Facebooktwittergoogle_plusreddittumblrmailFacebooktwittergoogle_plusreddittumblrmail

Story is an incredibly essential piece of our society. It is how we learn about each other and how we connect with people from a distance. Often, we will make major life decisions based on the stories we connect with most. We crave story, looking for it in every area of our lives.

Sports is not immune to this phenomenon. When we watch our teams, we are invested in the story of the team, the stories of the players. We love hearing how they managed to get to the level they’re at—learning how their families, coaches, friends, etc. helped them along the way. We love hearing about moments of triumph,and moments when they struggled, only to get back up and keep playing.

For a long time, the USWNT was one of the best teams at tapping into this element of story. Their videos covered everything from on-field highlights, to off-field shenanigans.

There was the silly venturing on ridiculous. Individual interviews with players often included a game-show sort of schtick to make the videos more entertaining. Actual competitions that centered around things like who was the best texter and who could capture the attention of Christie Rampone’s daughter Reece produced some hilariously memorable moments for fans.

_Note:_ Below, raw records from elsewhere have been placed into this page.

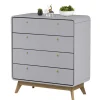 Discount Wohnen Skandi Kommode in Grau & Eiche - Wavan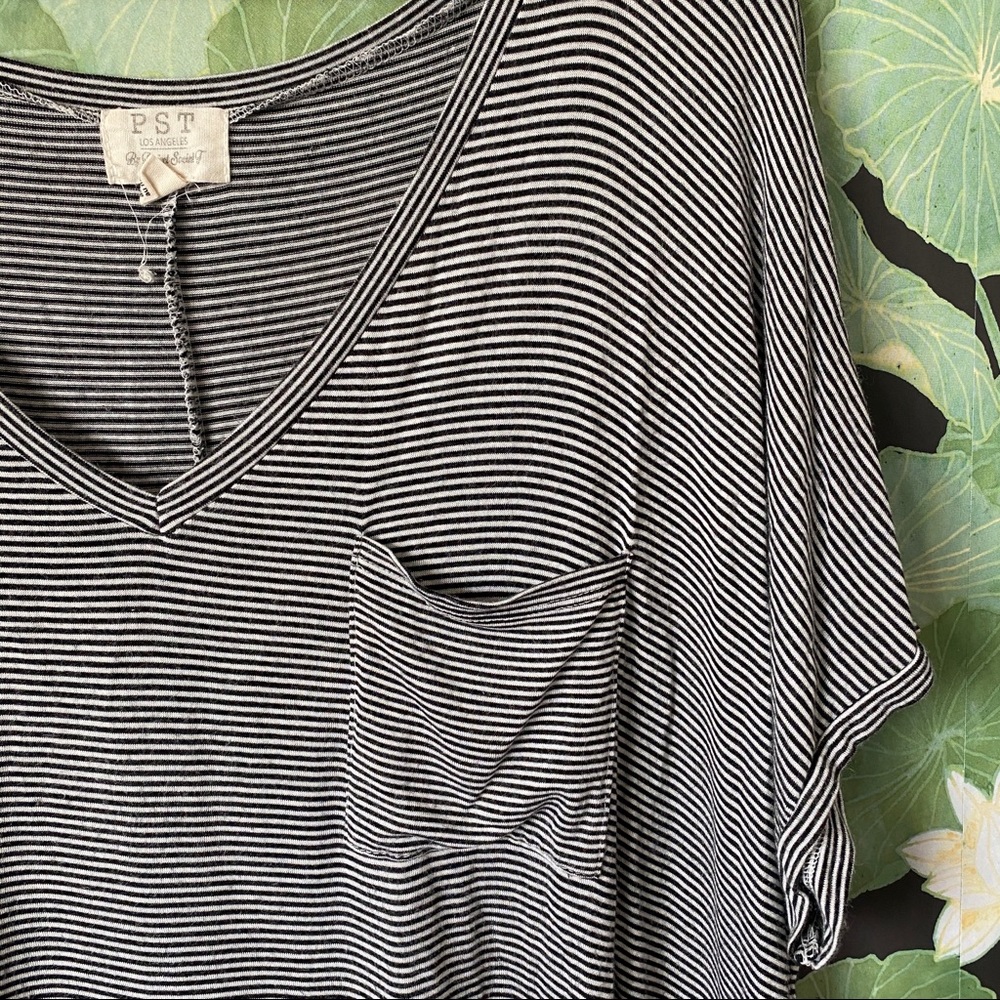 slouchy striped shirt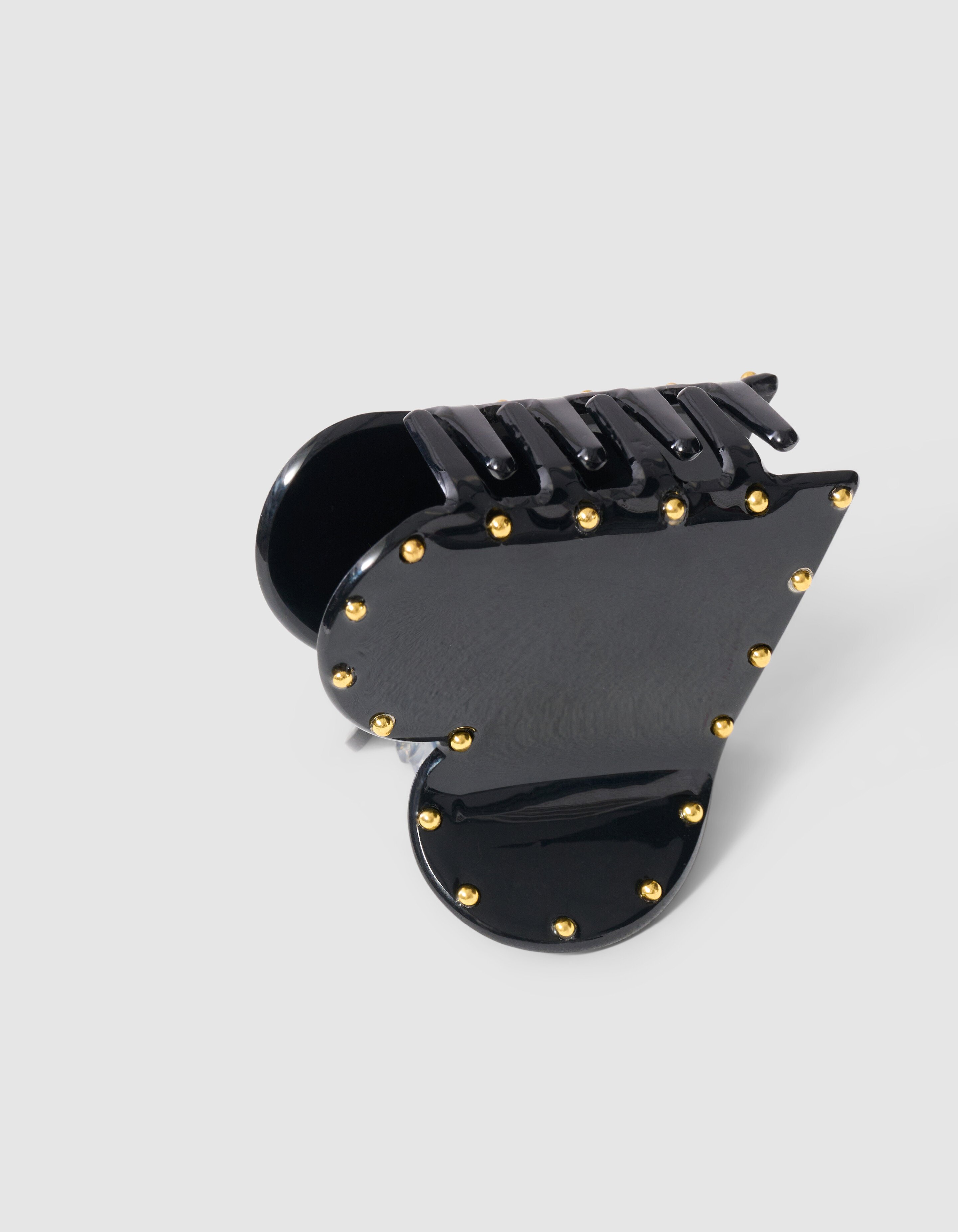 Studded Heart Haarclip Zwart SHOEBY ACCESSOIRES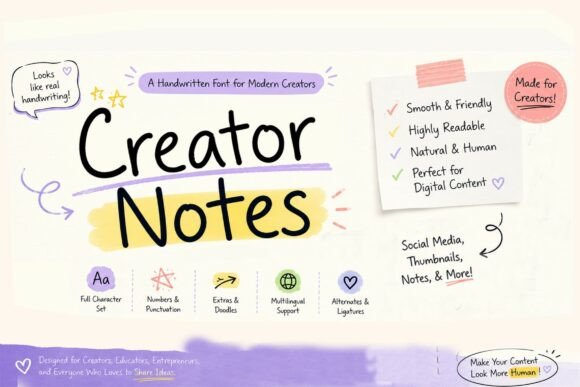 Creator Notes: A Handwritten Font for Modern Designers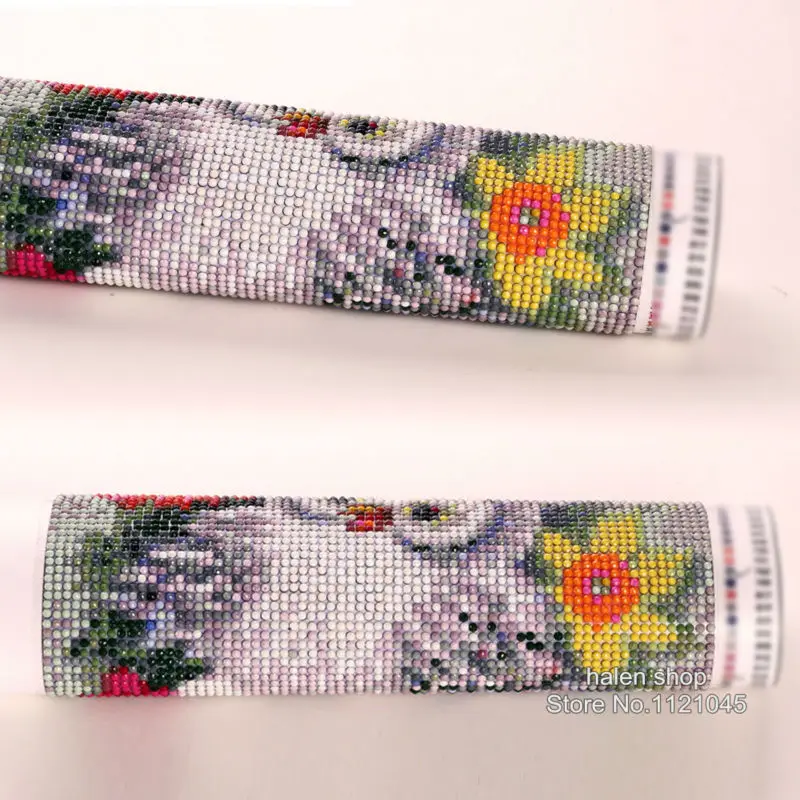 Diy Алмазная Вышивка Цветы круглая рукоделие Diy Алмазная картина вышивка крестиком наклеенная картина модное украшение дома XC383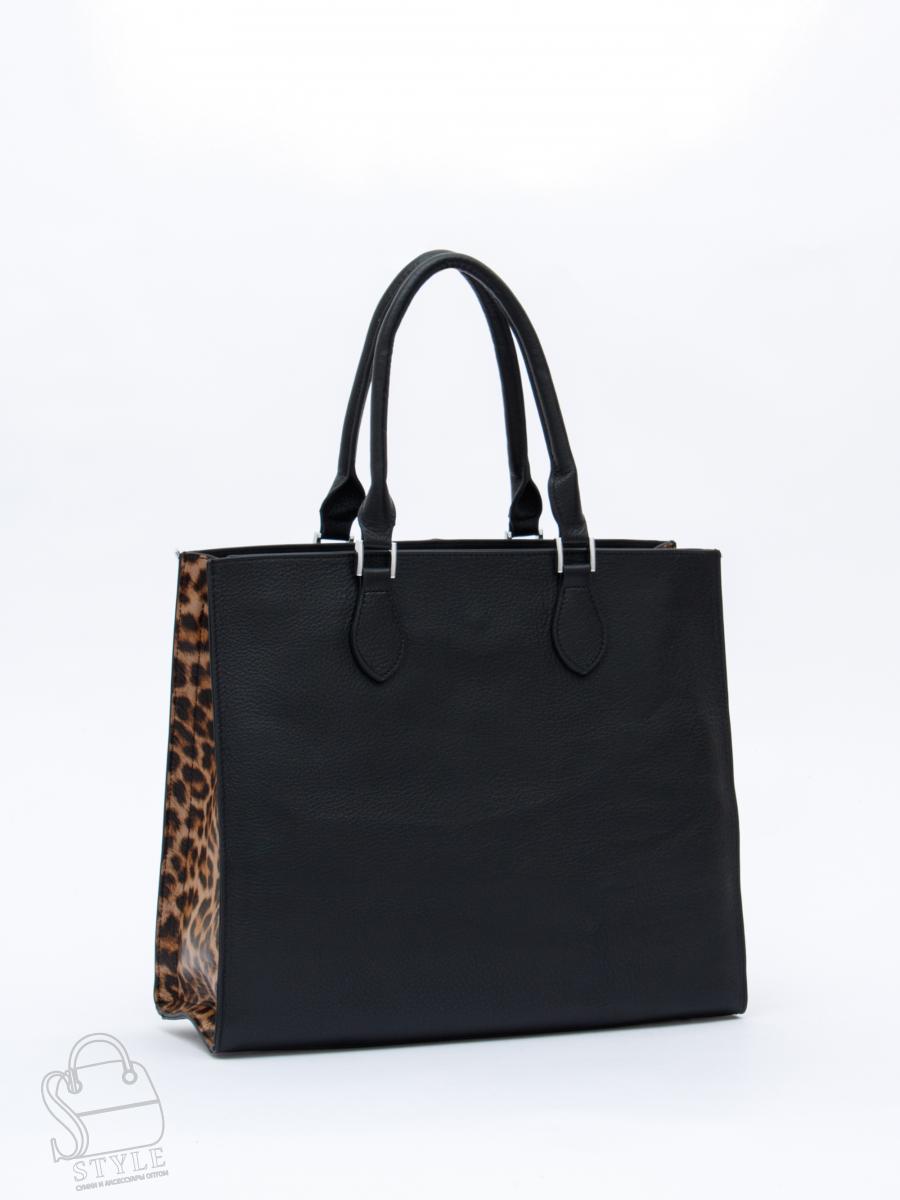 Сумка женская кожаная 2130Y apricot black Polina&Eiterou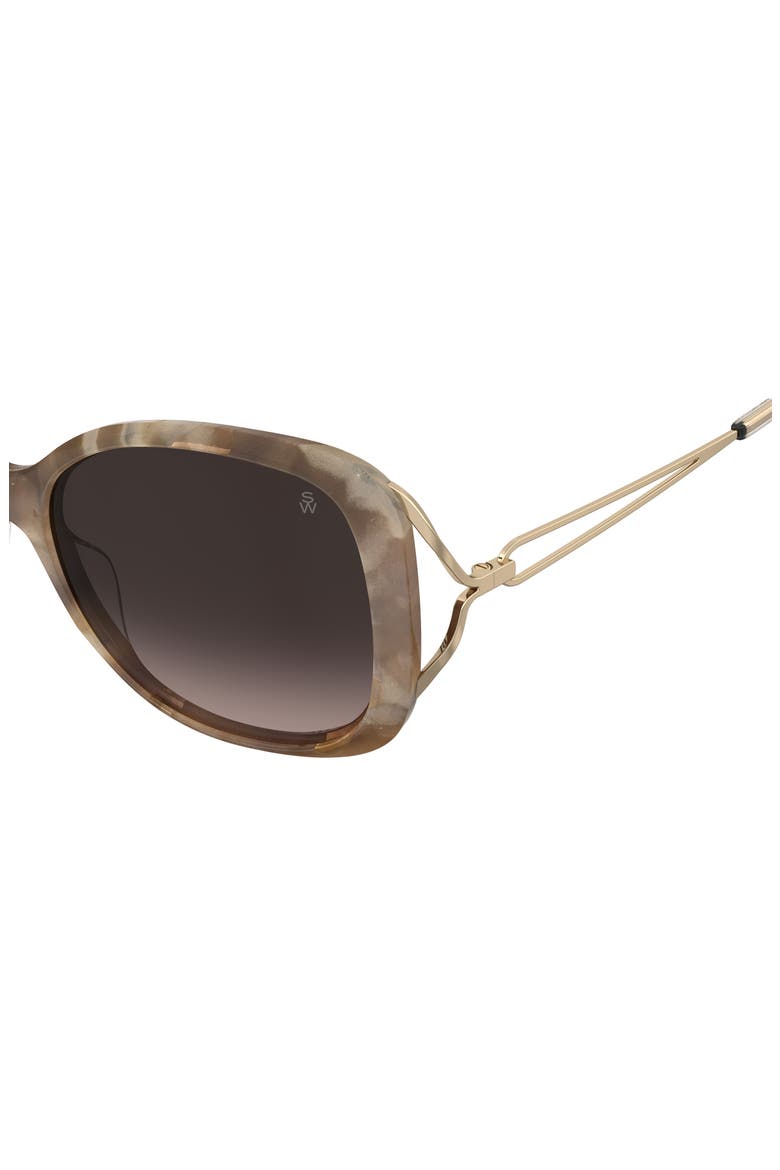 58mm Gradient Square Sunglasses, Alternate, color, HAVANA BEIGE/ BROWN SF
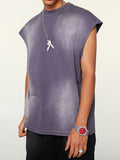 Men's Retro Washed Ombre Sport Vest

Off-field activities when they were on-location at big tournaments, like going to the castle Harry Potter was filmed at and having birthday parties where they filmed food fights and people getting pushed into pools are now just as legendary as the goals scored and trophies won.

They also had serious videos: reflective interviews about struggles faced and overcome; trips home with the players, where they got to show fans some of the most important places in their lives; videos about which players had gotten married and how that changed their lives outside of soccer.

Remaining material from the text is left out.